I used to spend 30 to 60 minutes debugging a single failed transaction.
Run cast run. Scroll through thousands of trace lines trying to find the revert. Jump to the block explorer to figure out what contract is at some address. Check if the source is verified. Look up the function selector. Figure out what moved, what didn’t, and why. Write it up. Move to the next one.
Ten failed transaction hashes from the team? There goes my day.
The debugging itself was never actually hard. The problem was that 90% of the process was mechanical — reading output, looking things up, stitching context together. Stuff a machine should be doing. I was just the machine.
So I automated the mechanical part.
What I Built
It’s a Claude Code skill called debug-txs. You hand it a list of transaction hashes and an RPC URL, and it runs the full investigation for each one.
For every transaction, it:
- Replays the transaction with
cast runand reads the full trace - Pulls verified source code for key contracts from Etherscan
- Resolves function selectors so the trace is actually readable
- Identifies what happened, what moved, what reverted
- Writes a plain-language summary into a clean markdown report
No raw trace dumps. No copy-pasting between a terminal and a block explorer. Just a report that tells you what happened and, for failed transactions, where it broke and what to look at next.
The report structure is consistent across every run: a full index table at the top, a section per transaction, an errors section for anything that couldn’t be processed. You can share it directly with your team without cleaning it up first.
The Distinction That Matters
The skill investigates and reports. It doesn’t touch any code.
That might sound like a limitation, but it’s intentional. When a transaction fails, understanding what happened and deciding what to fix are two different problems. The first is mostly mechanical — trace analysis, contract lookup, selector resolution. The second requires engineering judgment: understanding the protocol, knowing what the intended behavior was, deciding whether the fix is a simple guard or a deeper architectural change.
The skill handles the first problem completely. I still own the second.

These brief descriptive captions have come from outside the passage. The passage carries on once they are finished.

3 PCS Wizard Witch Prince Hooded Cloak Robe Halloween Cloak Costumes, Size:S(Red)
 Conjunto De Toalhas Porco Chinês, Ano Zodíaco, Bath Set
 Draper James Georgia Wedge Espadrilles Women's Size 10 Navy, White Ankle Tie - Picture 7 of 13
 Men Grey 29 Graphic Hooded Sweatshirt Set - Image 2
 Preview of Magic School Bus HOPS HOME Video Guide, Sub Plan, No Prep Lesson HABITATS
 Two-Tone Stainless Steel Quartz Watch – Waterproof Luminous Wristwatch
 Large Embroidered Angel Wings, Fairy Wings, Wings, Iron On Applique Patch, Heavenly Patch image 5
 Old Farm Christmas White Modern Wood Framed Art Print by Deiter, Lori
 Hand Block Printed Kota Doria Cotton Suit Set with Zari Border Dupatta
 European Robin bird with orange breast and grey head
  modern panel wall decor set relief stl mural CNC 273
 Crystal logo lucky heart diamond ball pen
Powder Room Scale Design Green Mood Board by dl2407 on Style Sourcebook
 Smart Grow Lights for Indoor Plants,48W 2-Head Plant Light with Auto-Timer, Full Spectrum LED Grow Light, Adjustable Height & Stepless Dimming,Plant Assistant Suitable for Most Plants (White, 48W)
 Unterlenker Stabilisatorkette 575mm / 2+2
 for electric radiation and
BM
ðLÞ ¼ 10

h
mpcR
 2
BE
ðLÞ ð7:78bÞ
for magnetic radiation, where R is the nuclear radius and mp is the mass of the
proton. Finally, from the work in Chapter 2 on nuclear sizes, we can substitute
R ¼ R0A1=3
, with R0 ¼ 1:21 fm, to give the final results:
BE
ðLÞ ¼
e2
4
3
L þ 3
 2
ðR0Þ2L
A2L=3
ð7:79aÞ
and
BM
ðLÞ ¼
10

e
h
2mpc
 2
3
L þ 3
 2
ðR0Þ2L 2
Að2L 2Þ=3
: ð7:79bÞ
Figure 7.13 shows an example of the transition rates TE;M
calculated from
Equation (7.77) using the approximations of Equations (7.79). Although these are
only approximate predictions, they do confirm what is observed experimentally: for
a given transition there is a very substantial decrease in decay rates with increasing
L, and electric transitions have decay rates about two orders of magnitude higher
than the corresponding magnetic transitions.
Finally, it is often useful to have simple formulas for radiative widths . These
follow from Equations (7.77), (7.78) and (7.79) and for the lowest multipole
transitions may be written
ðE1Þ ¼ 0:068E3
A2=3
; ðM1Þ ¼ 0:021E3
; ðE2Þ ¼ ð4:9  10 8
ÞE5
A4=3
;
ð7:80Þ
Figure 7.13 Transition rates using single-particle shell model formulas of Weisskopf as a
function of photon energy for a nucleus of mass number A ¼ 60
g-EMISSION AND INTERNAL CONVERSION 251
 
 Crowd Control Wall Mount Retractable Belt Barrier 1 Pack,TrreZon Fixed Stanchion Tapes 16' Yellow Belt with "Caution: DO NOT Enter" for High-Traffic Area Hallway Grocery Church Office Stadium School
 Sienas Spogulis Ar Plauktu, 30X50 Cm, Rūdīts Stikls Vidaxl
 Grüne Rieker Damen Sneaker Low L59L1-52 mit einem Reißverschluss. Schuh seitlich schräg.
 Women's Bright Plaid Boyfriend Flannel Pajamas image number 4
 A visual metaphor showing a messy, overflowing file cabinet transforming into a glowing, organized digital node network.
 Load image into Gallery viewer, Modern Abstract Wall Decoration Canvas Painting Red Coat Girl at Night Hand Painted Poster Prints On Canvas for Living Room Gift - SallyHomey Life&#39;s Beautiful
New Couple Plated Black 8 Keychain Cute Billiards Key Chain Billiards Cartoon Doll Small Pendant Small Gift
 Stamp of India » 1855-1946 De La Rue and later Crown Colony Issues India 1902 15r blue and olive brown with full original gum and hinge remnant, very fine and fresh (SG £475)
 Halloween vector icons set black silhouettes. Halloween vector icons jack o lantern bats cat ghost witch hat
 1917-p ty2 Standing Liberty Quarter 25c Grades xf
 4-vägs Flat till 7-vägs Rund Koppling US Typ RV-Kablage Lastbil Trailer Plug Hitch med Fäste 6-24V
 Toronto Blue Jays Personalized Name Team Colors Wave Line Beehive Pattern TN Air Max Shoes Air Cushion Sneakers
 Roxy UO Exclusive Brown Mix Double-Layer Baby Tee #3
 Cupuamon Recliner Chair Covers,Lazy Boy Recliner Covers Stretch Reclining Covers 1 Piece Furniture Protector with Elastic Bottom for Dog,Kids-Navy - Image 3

This is the right division of labor. The parts of debugging that eat time without requiring thought are exactly the parts that should be automated. The parts that actually require domain knowledge — those stay with the engineer.
How It Works in Practice
You invoke it with:
/debug-txs https://mainnet.infura.io/v3/...
It asks for your transaction hashes (paste them inline or point to a .txt file), an output directory, and an Etherscan API key if it’s not already in your environment. It processes hashes in parallel batches of three and assembles everything into a single report when it’s done.
A few things worth knowing if you use it:
Traces get large. Complex DeFi interactions can produce thousands of lines of cast output. The skill is designed to digest traces rather than reproduce them — you won’t see a raw trace dump in the report — but context accumulates. Don’t feed it 50 hashes in one session. Break large batches into smaller runs.
It needs cast and an RPC URL. Foundry has to be installed on your machine, and you need an endpoint for the chain the transactions occurred on. Any standard provider works.
It won’t run without source. Contract lookups depend on Etherscan verification. If a key contract isn’t verified, the skill still analyzes the trace but won’t be able to pull source snippets for it.
Part of Something Bigger
debug-txs is one piece of a Solidity skill ecosystem I’ve been building with Claude Code.
Writing contracts. Gas analysis. Now debugging. Each as a focused, reusable slash command that handles a specific category of mechanical work. The goal isn’t to replace the engineering — it’s to eliminate the friction that exists around it.
What I’ve found is that each skill sharpens the others. Once I had a debugging skill, I started writing contracts with better error messages because I could see exactly how those messages surfaced in the report. Once I had a gas analysis skill, I stopped going down rabbit holes during active development — I’d defer gas questions to the skill and stay focused on the logic. The skills don’t just save time individually. They change how you move through the workflow.
Where to Get It
The skill is open on GitHub at chasebrownn/claude-skills. The README covers installation, usage, requirements, and what each section of the report contains.
If you’re doing smart contract work and you haven’t looked into Claude Code skills yet, this is a good entry point. The workflow is simple, the output is immediately useful, and it’s easy to modify the skill to fit your specific setup or reporting preferences.
The mechanical parts of debugging have always been the least interesting parts. It’s good to stop doing them manually.